2. The Reserve Bank decided not to cut interest rates today, despite some expectations they would. They’ve kept the repo rate at 7%. That means borrowing costs stay the same, so no relief on your home loan repayments. Why? While inflation – the pace at which prices rise – eased to 3.3% in August (down from 3.5%) the bank is playing it safe. They want to ensure inflation doesn’t back, given experts predict price rises could hit 4.2% over the next five years. 💰
Check out our previous explainer on this topic here.
3. Ramaphosa dodged another bullet in the Phala Phala saga. The Gauteng High Court on Wednesday dismissed a case brought by a constitutional watchdog group, which tried to haul him to court over R10m in cash stolen from his Limpopo farm in 2020. Meanwhile, a separate trial related to the burglary began this week.

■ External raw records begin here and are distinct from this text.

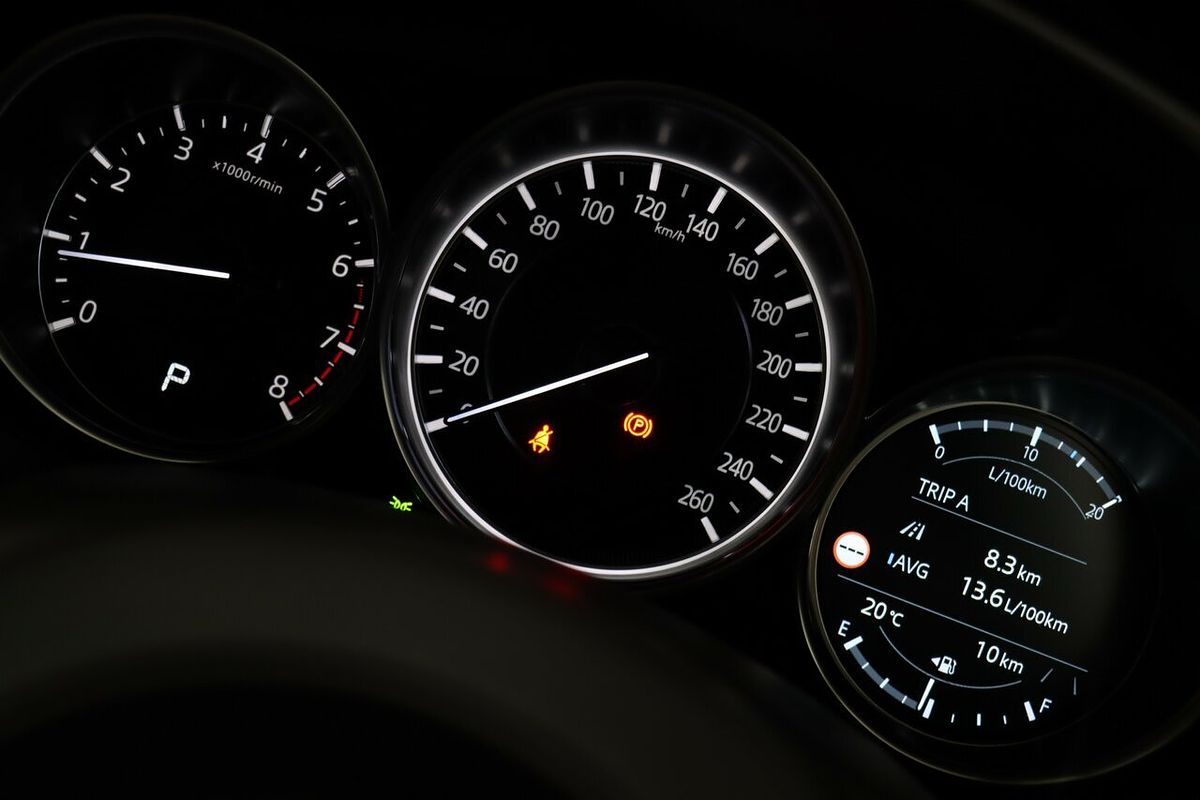 2024 Mazda 6 G25 Sport GL Series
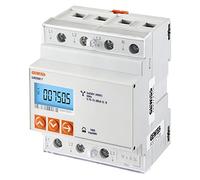 Gewiss Testeur d'énergie triphasé, pour contrôle dynamique des charges dans la recharge de VE, GWD6817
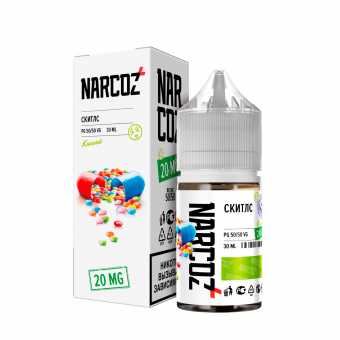 Жидкость NARCOZ SALT - Скитлс 30мл 20мг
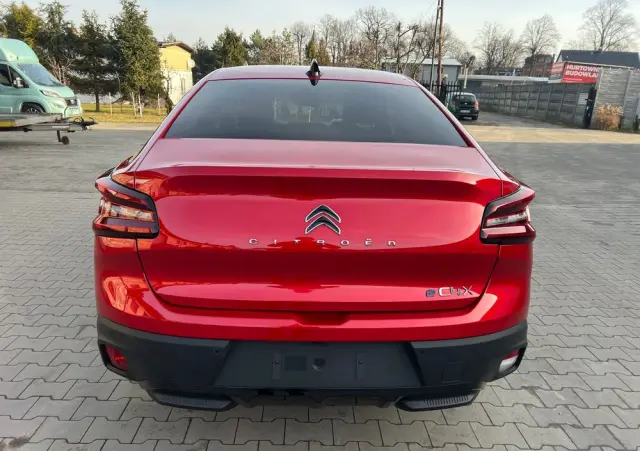 CITROËN C4X ë-SERIES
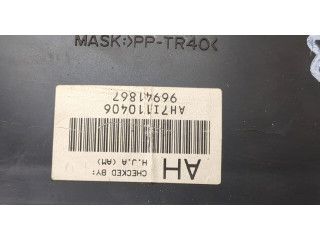 Панель приборов Chevrolet Captiva 2006-2011 96941867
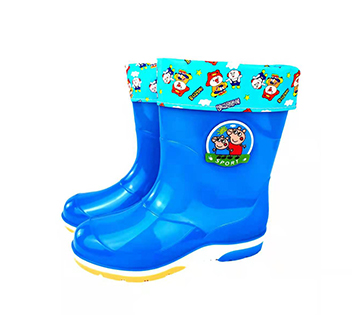 湖南男童PVC雨鞋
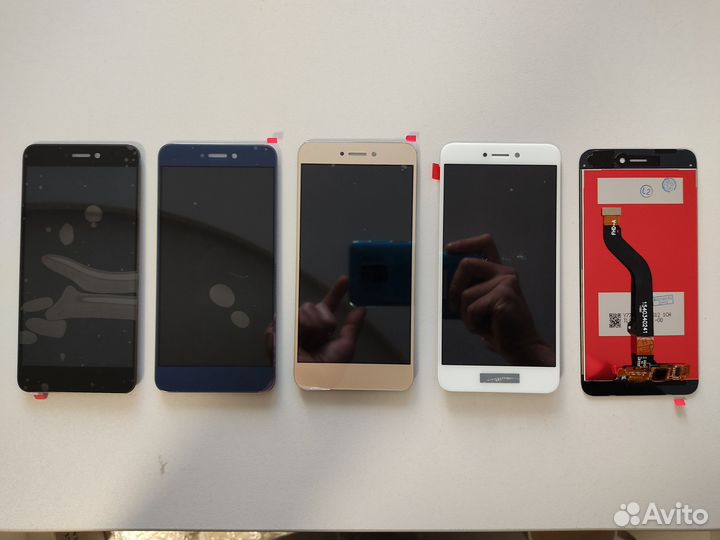 Дисплей с сенсором Honor 8 Lite, P8 Lite 2017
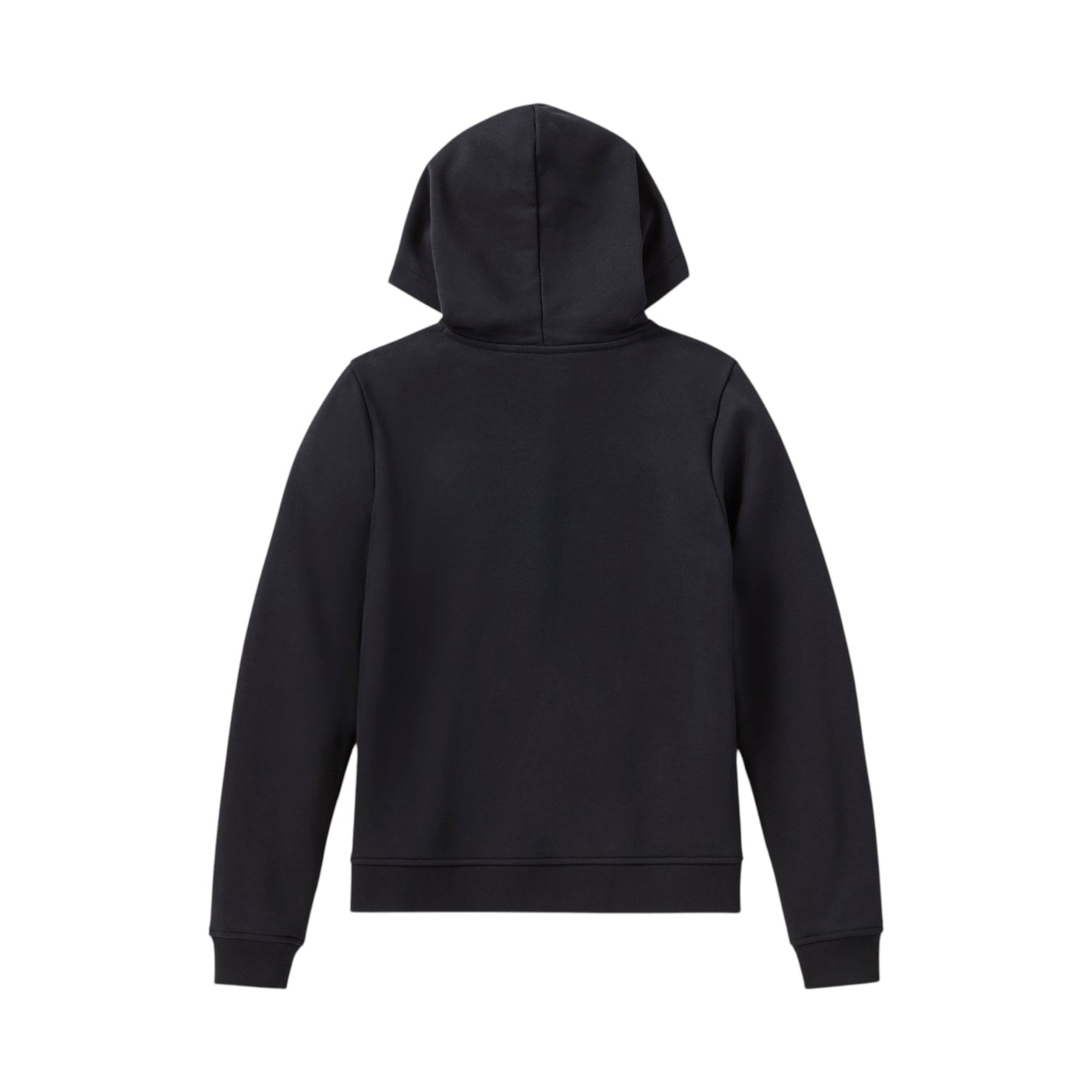 WILLIE G SKULL BLING PO HOODIE - BLACK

Witnesses testified Ramaphosa was aware cash was hidden inside an infamous couch, which hasn’t been seen since the story first made headlines in 2022. His spokesperson says it’s being “reupholstered”. 🤷🏾♀️
4. Thuthukile Zuma is making headlines again — and this time, it’s not for a cushy government gig. 👀 The youngest of four daughters to Nkosazana Dlamini-Zuma and former president Jacob Zuma, Thuthukile slammed her father’s MK Party this weekend as “shapeless” and without direction, pledging her loyalty to the ANC instead. Reminder: She nabbed a top government post back in 2014 when her father was president, named a ministerial chief of staff at just 25. Guess that paternal coziness hasn’t lasted!
5. South Africa is helping make the next moon landing happen! 🚀 The tiny town of Matjiesfontein in the Western Cape will host a new Lunar Exploration Ground Site, due in 2026, that will beam uninterrupted comms to NASA’s Artemis III 2027 mission — the first crewed moon landing attempt in over 50 years. It is one of three such sites globally and is funded by our government. This site will be used for future missions, including a potential one to Mars!
INTERNATIONAL
- The Royal Family rolled out the red carpet for Trump on Tuesday. The rare second state visit is part of diplomatic efforts to win him over on trade as well as Ukraine. It doesn’t mean everyone is on board, though. Kate Middleton offered possibly the world’s most socially-distant handshake as he told her she was “so beautiful”. 🤭 Our favourite part was protestors projecting that infamous pic of Trump with Jeffrey Epstein across Windsor Castle’s walls. Four protesters were swiftly arrested, but yeah, point made.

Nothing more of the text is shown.